Heart, soul and strength. For over three decades of having one to one Bible studies with many young adults, I have always explained the Great Command (Dt 6:5; Mt 22:37; Mk 12:30) as loving God with all our emotions (heart), all our intellect (mind), and all our effort (strength). It is to love God emotionally, intellectually and volitionally. I like this exegesis. But I am technically off.

In the original language, the Hebrew word translated “heart” refers both to emotions as well as our mind, i.e., to our inner person. “Soul”–which means “throat”–has meanings of appetite/desire, life, the whole self; “soul” refers to one’s entire person. “Strength,” meaning power, also means “greatly, exceedingly.” It is best captured by a word like “resources.” This includes physical strength, but also economic and social strength, as well as all things we own–our family, house, tools, toys, savings, even our church and ministry.

Inner being, whole person and everything we own. A more thorough rendering of the Great Command would be to love God with all of our inner being (heart), with our whole person (soul) and with everything we claim to own (strength). In brief, it means to love the only God (Dt 6:4; Mk 12:29) without reservation or qualification.

Hopefully, this is helpful as you share Jesus and Scripture with others. May God bless you and UBFriends to love God in 2014.

9 comments

  1. Good thoughts, Ben. Indeed I am not ashamed to say I love God. I am not ashamed to say I love Jesus, I love the Holy Spirit and I love the Holy Scriptures.

    I would expand your heart/mind/soul thinking to include two more pieces of the human existence: conscience and identity. Maybe “identity” is “self”.

    I once became a “holy butcher”, chopping up my conscience and my identity, thinking this is included in “self denial” and “taking up your cross”. But I have since learned that God never intended human beings to be masochists. There is no glory in self-mutilation (either in a physical or spiritual or mental or financial sense).

    I once thought God called us to live in the grotesqueness of the cross, creating pain and punishment in order to beat out our sins. In fact however, the gospel is entirely opposite. Christ’s sacrifice was “one and done”. Hebrews study is most helpful in this regard. There is one Priest who made one sacrifice. There is one Shepherd who oversees our souls.

  2. And we need to carry this further into “I will love people in 2014”. Loving God means nothing if I can’t love people. I love my wife. I love my kids, my mom, my dad, my family, my neighors, my enemies, my abusers. Love for God must spill over to love for humanity. Just as Jesus wept and embraced humanity in all its fullness, so we are called to be human.

  3. Brian, Based on my limited understanding of heart/soul/strength in Hebrew, I think that conscience and identity would be included.

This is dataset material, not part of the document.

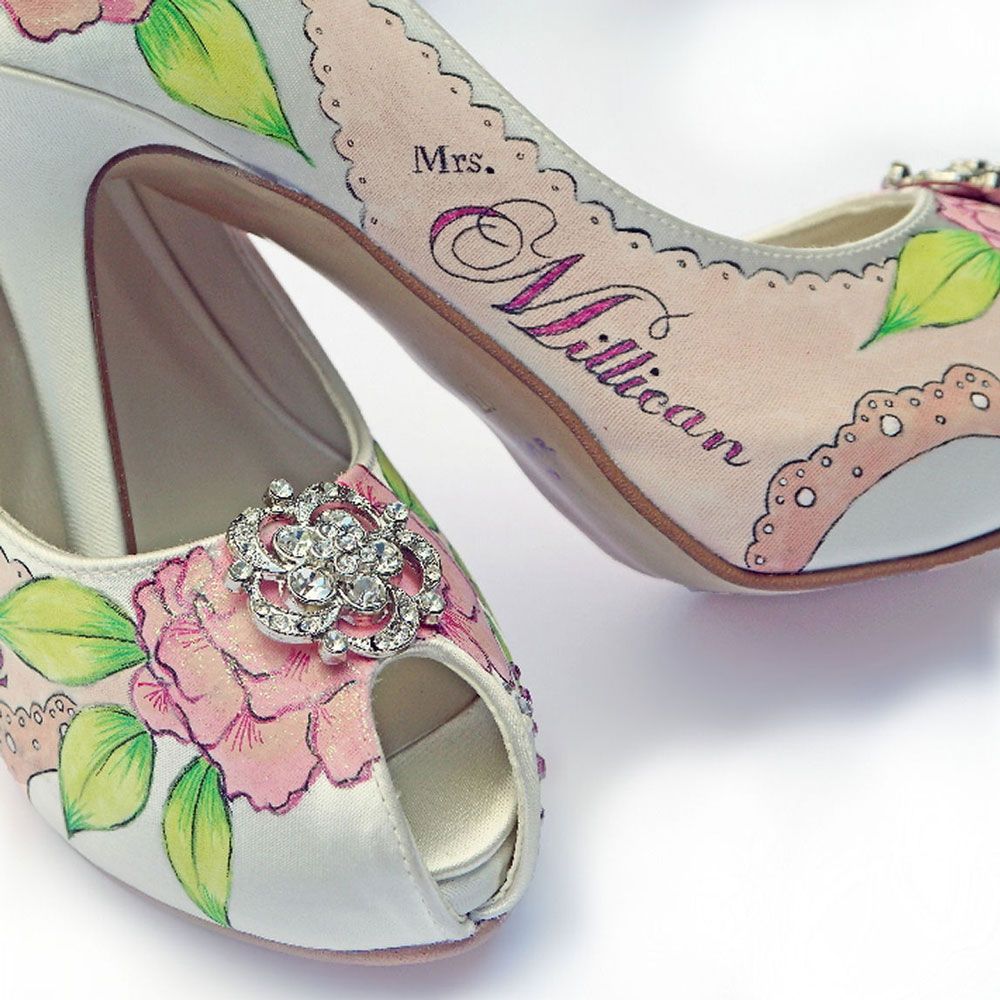 12 Unusual Wedding Shoes For Your Day 12 Unusual Wedding Shoes For Your Day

    “Heart” refers to our inner self (emotion and mind), which I think should include our conscience, which we will lose if we cheat our conscience.

    “Soul” refers to our entire person, which I think should include our identity.

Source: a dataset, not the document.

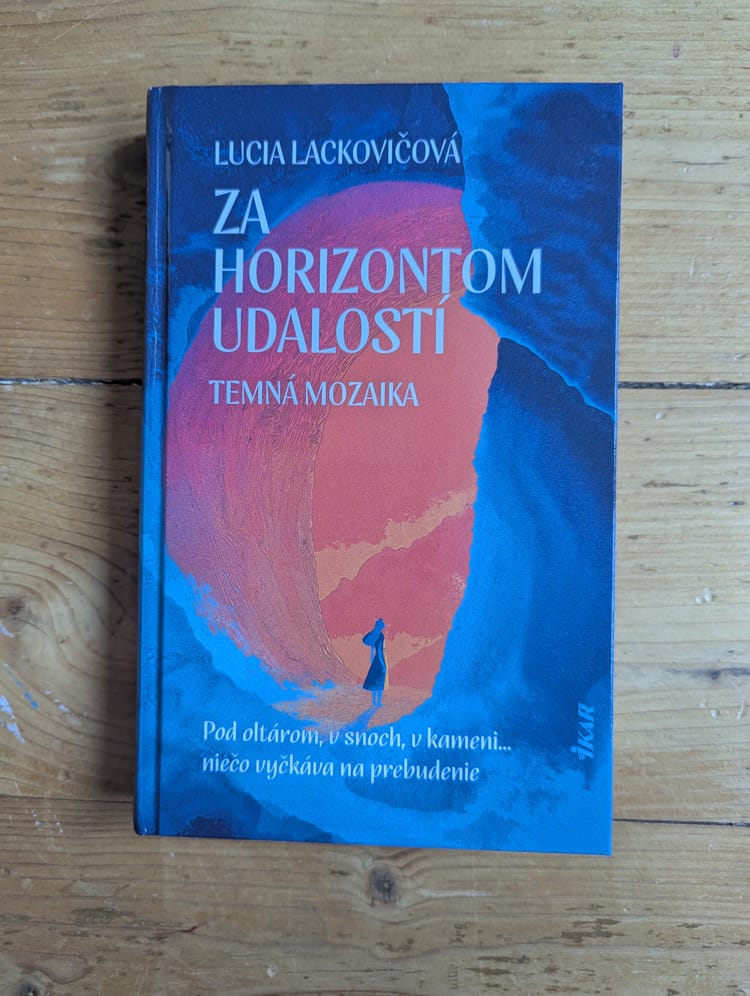 Za horizontom udalostí: Temná mozaika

    I think that we lose an element of our heart and soul when our identity markers and our conscience are determined more by our ethnicity, denomination, tribal group, elitist tendencies, sectarian biases, propositional statements or core values, etc.

    • Yes I think you are correct Ben. I think we need to take a closer look at what makes up heart/soul/strength and identity some components that should not be cut out or denied because God can use those parts and we need them. Some elements of humanity need redeeming/transforming and should not be cut out in the name of self-denial.

  4. forestsfailyou
    forestsfailyou

    As far as I might be proud of a religion whose primary virtue is humility, I am very proud of my religion. I am especially proud of those parts that appear to be fantasy. I am proud of being bound to ancient dogmas and enslaved by dead creeds, for I recognize that it is only heresy that is dead, and that it is only the reasonable dogma that survives long enough to be called ancient.

    • Hey forests, I can’t comprehend what you just wrote here… but please share it in your 1:1 study :)

  5. forestsfailyou
    forestsfailyou

    The image says “I love god I am proud to say that”. I would say that many want to “just love god”. Just it is not enough to “just love him” if we have no idea who he is or how to love him, or why we ought to love him. We need religion for that. It is the error of all those that claim Christianity is not a religion just a relationship. Our love demands more.

  6. Thanks, Forests, my favorite verse for loving God that moves me to my very core is 1 Jn 4:19. My question always is “How can God ever love me???” (Some people might even fully agree with my question…and I don’t blame them in the least!) And yet he does!